**TASK BRIEF:** Return the lines below exactly, from the first line to the line that contains "1520446742 1520446742". Leave out pictures.

[Items from a data source]
++++++++++

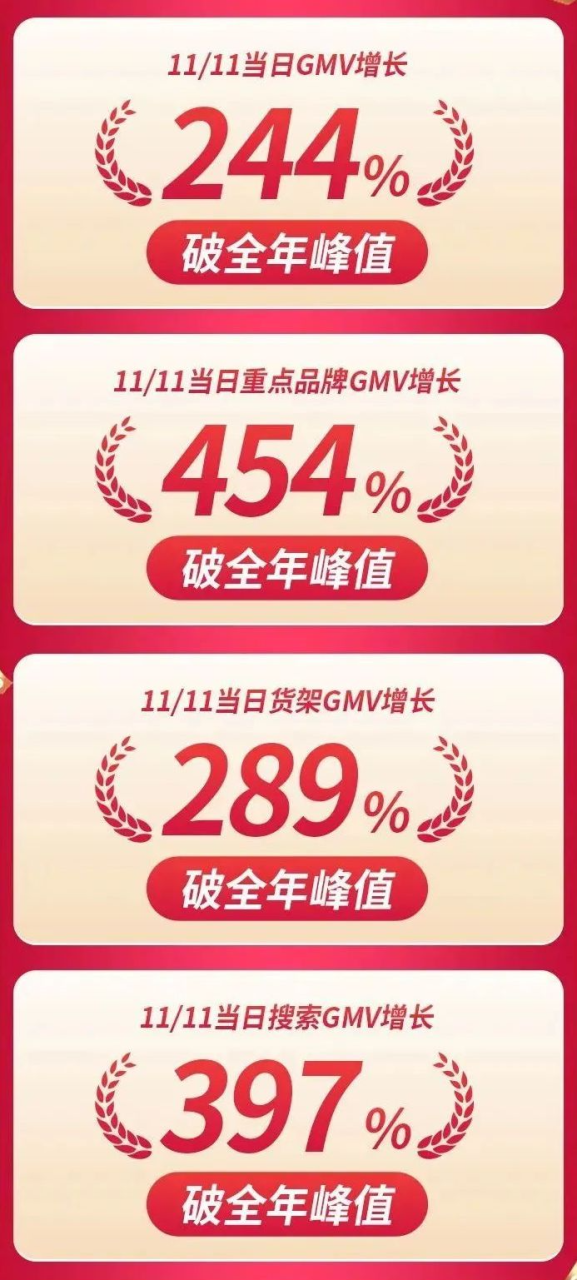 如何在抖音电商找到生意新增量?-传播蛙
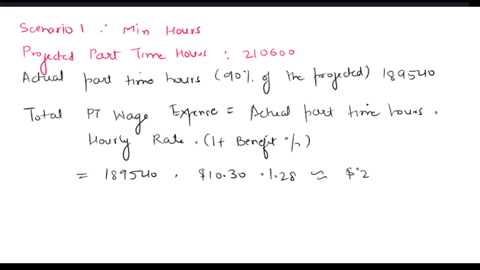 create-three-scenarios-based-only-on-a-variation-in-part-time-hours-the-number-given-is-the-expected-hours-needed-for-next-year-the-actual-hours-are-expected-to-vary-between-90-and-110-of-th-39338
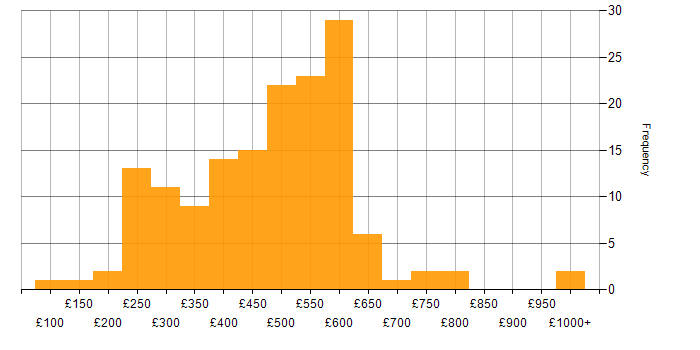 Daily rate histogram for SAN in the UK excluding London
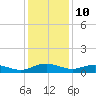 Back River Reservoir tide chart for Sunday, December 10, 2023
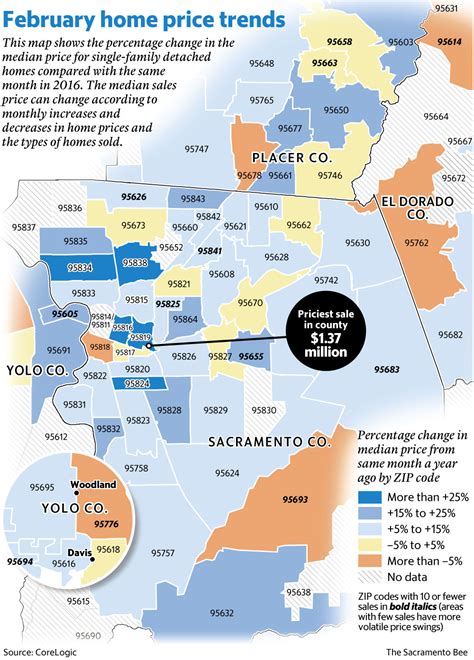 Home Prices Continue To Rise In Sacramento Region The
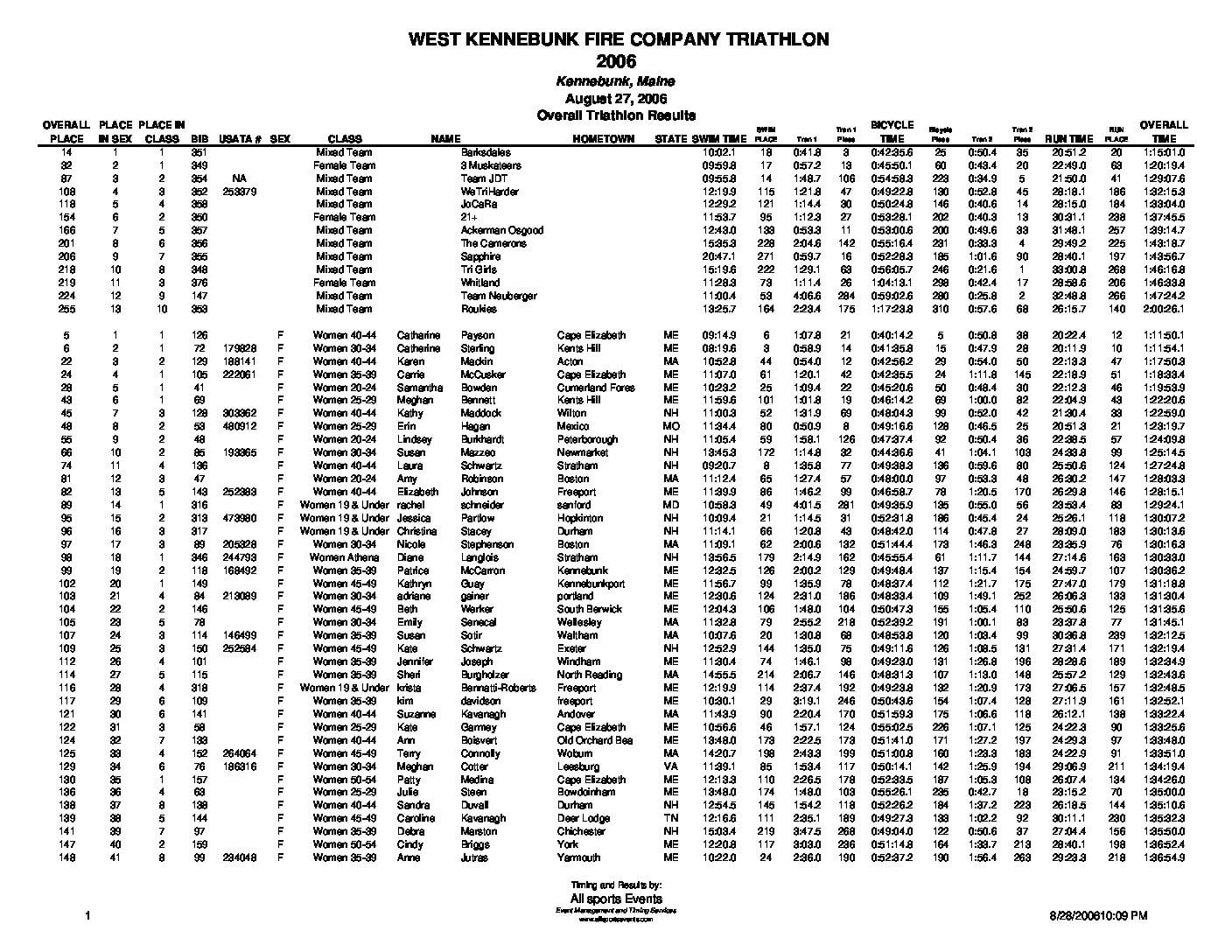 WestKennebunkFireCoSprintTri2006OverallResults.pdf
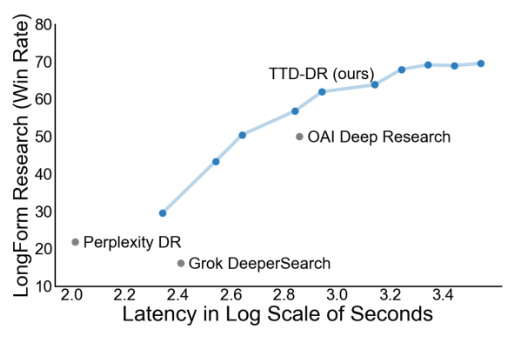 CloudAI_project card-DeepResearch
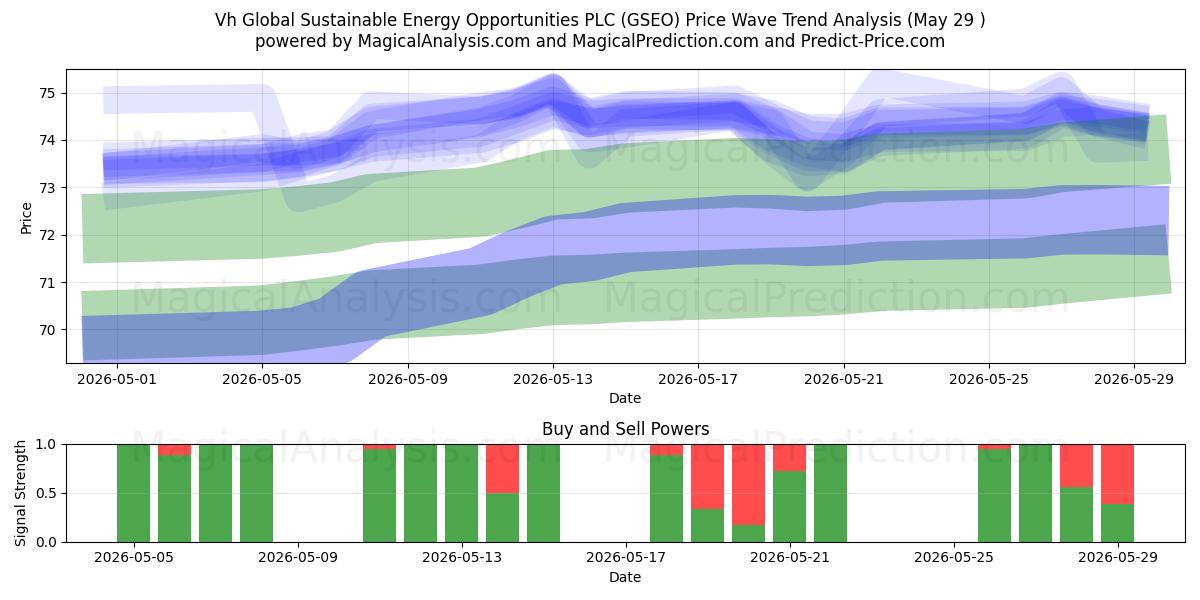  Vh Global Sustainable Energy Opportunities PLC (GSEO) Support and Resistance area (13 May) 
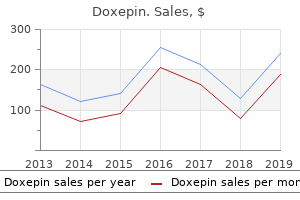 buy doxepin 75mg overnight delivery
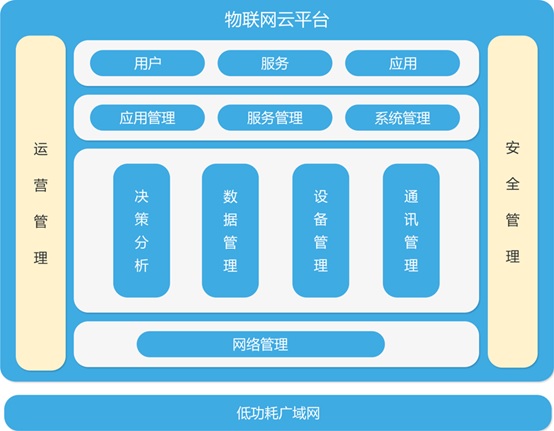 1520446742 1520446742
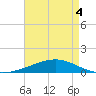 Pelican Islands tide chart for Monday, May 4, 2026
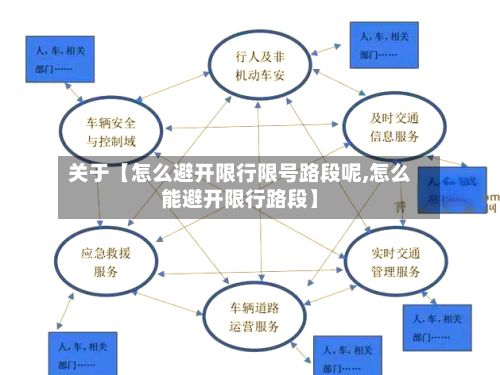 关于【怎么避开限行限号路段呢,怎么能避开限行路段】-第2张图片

++++++++++

**SOLUTION TO THIS EXERCISE:**
 如何在抖音电商找到生意新增量?-传播蛙
 create-three-scenarios-based-only-on-a-variation-in-part-time-hours-the-number-given-is-the-expected-hours-needed-for-next-year-the-actual-hours-are-expected-to-vary-between-90-and-110-of-th-39338
 Daily rate histogram for SAN in the UK excluding London
 Back River Reservoir tide chart for Sunday, December 10, 2023
 Home Prices Continue To Rise In Sacramento Region The
 WestKennebunkFireCoSprintTri2006OverallResults.pdf
 CloudAI_project card-DeepResearch
  Vh Global Sustainable Energy Opportunities PLC (GSEO) Support and Resistance area (13 May) 
 buy doxepin 75mg overnight delivery
 1520446742 1520446742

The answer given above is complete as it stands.